_DATA RECORDS:_
------------------------------------------------------------------------

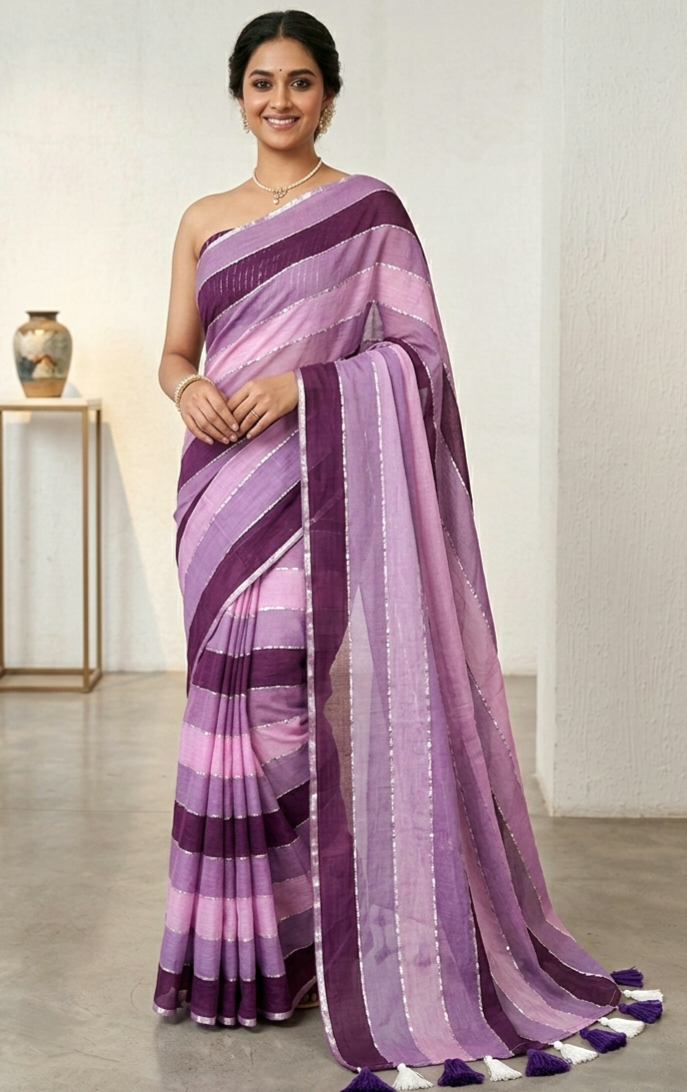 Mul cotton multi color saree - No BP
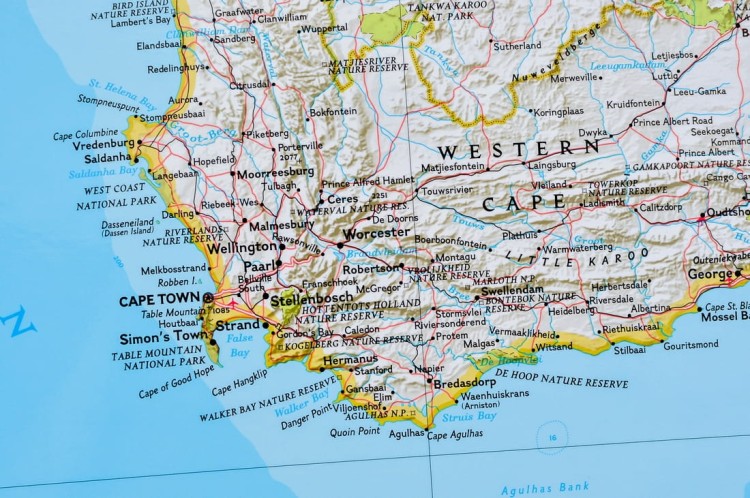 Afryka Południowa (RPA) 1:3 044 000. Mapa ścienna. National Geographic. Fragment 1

------------------------------------------------------------------------

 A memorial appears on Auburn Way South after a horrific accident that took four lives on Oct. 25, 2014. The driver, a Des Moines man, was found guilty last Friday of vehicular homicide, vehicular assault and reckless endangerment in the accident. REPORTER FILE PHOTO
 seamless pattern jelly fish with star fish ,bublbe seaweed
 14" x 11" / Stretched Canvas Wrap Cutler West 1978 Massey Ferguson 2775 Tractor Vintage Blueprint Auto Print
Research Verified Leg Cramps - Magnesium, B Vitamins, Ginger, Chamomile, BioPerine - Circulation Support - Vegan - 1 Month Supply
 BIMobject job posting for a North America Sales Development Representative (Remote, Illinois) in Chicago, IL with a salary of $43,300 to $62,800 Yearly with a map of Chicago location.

------------------------------------------------------------------------

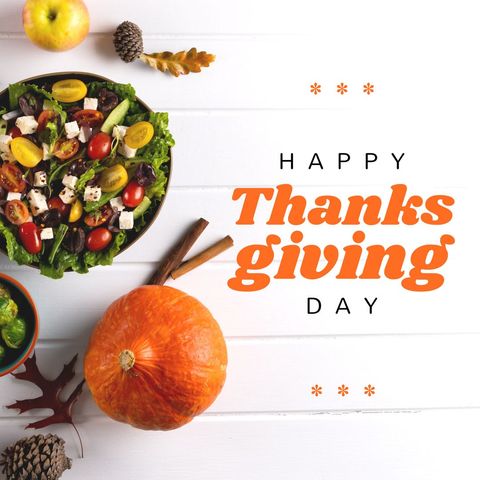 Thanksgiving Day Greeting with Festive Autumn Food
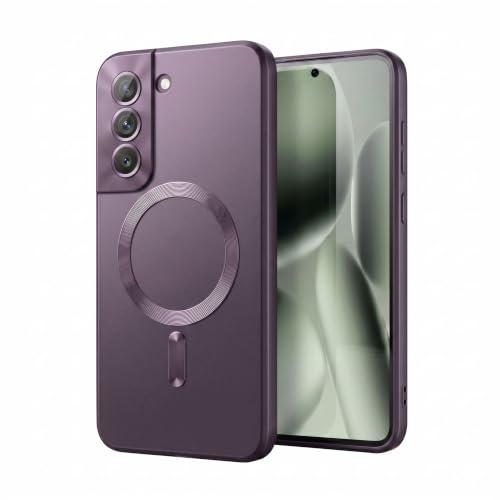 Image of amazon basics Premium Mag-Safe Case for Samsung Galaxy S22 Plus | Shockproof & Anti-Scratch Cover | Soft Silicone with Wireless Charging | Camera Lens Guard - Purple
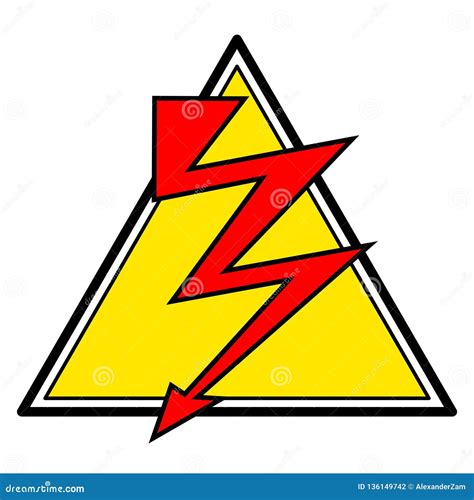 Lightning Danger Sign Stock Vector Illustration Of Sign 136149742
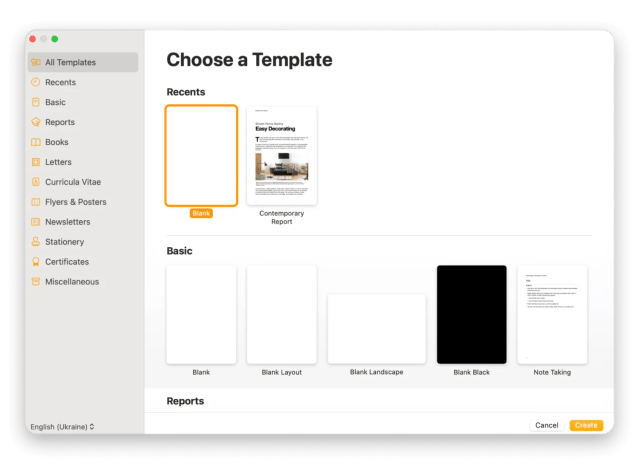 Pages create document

------------------------------------------------------------------------

_WORK TO COMPLETE:_ Above, find the line holding "Mul cotton multi color saree - No BP" and the line holding "Afryka Południowa (RPA)". Print exactly those two lines and every line between them, but no pictures.

_ANSWER SECTION:_
 Mul cotton multi color saree - No BP
 Afryka Południowa (RPA) 1:3 044 000. Mapa ścienna. National Geographic. Fragment 1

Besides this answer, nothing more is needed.